What was the first serious guitar that you bought with your own money?

“Now, ‘serious’ is debatable. I bought a 1985 Gibson Les Paul Custom, a Pearl White one. I bought it because it looked like the pictures I had seen of Randy Rhoads playing one. I bought it for $500 and I had to borrow the money from my sister. I kept it for about five years or so. 

“I’d started to play in bars – illegally, because I was underage – and played cover songs, so we would play all the bar band favourites: Roadhouse Blues, Honky Tonk Woman, Jumpin’ Jack Flash, Highway To Hell… I actually got a little adventurous then because I was really into Aerosmith and so I had us do Walkin’ The Dog and Mama Kin.”

What was the last guitar you bought and why?

“I just bought a 1965 Fender Esquire a few weeks ago because I fell madly in love with it. It was loaned to me by a friend to make our new album because our gear was in a truck. The guitars I had on the road at the time, and my favourite Esquire, which is a ’63, was packed away and so I needed one. A friend of mine let me borrow his and I could not give it back. There’s something about the single-pickup situation on those guitars that makes them breathe a little more fire than a Telecaster.”

What’s the most incredible find or bargain you’ve had when buying guitars?

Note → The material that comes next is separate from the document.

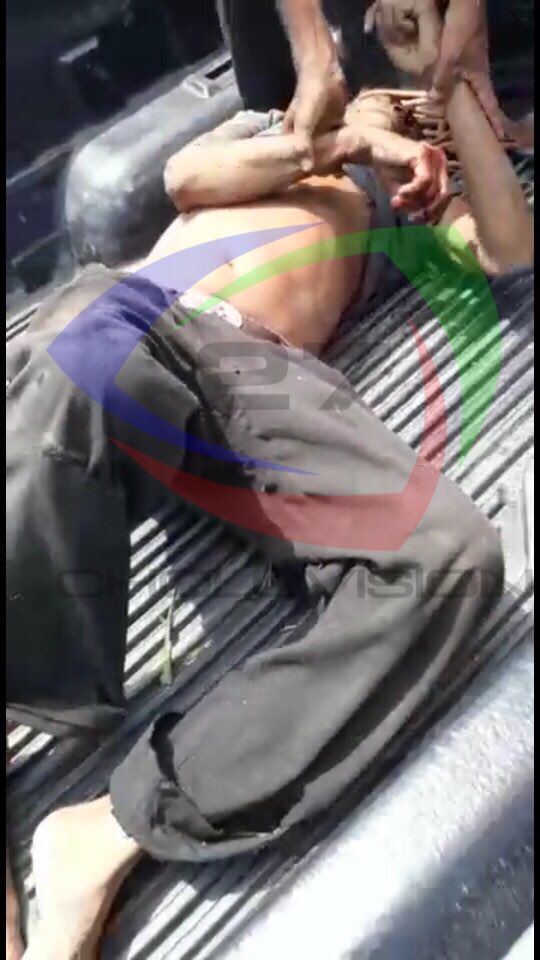 Choluvision27's tweet photo. Adulto mayor sufre accidente en Santa Cruz Marcovia y es trasladado al hospital escuela universitario.

#Choluteca #Honduras https://t.co/Y95l4BxcgX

“Well, this is a hell of a bargain because I was gifted a 1958 Les Paul Custom Black Beauty. I would say there’s no better bargain than that! A very, very nice gentleman several years ago said that he was retiring from music and he was not well, he was dealing with some debilitating health issues and couldn’t play any more. So he decided to give that guitar to me. He told me he’d had jumbo frets put in it because he didn’t dig the ‘Fretless Wonder’ thing and I had to agree. It’s a monster.”

What’s the strongest case of buyer’s remorse that you’ve had when buying gear?

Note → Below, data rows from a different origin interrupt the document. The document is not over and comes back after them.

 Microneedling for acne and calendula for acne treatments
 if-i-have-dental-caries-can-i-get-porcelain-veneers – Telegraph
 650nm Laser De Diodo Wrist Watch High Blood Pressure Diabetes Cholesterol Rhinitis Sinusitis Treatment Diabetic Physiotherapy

“I’ve had that happen a few times. Years ago I thought that it would be cool to buy a '90s Les Paul Special. I thought it looked cool. I was still playing in little bars then and I got it home and it was just atrocious. I was really only thinking about how cool it looked instead of how it played and sounded. I paid $400 for it and I so regretted it, but I was able to sell it and get out from under that burden.”

Charlie's go-to rig

“On tour I have lots of guitars. I generally have six to eight, and that’s just because I love ’em so dearly. I don’t need that many, really. I have a handful of [Les Paul] Juniors: a ’56, ’57, ’58 and ’59. A few Esquires: a ’63 and ’65. And a few more. 

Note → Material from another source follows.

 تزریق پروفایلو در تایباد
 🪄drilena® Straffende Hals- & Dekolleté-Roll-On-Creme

“My touring amps for the last several years have been a Germino Lead 55 head and 4x12 cabinet, and an Echopark Vibromatic 23 head and cabinet. 

“Pedals, I have a Fulltone Supa-Trem, which is fantastic; I’ve been using the same one for probably 10 or 12 years. A Cry Baby, a Klon clone called a [Piedmont Custom Electronics] Aluminum Falcon that’s really great, and I was bringing tape echoes on the road for a while. I had a couple of Fulltones and an Echoplex EP-3, but they’re so temperamental that I finally found a pedal that really works well – it’s a Wampler Faux Tape Echo. 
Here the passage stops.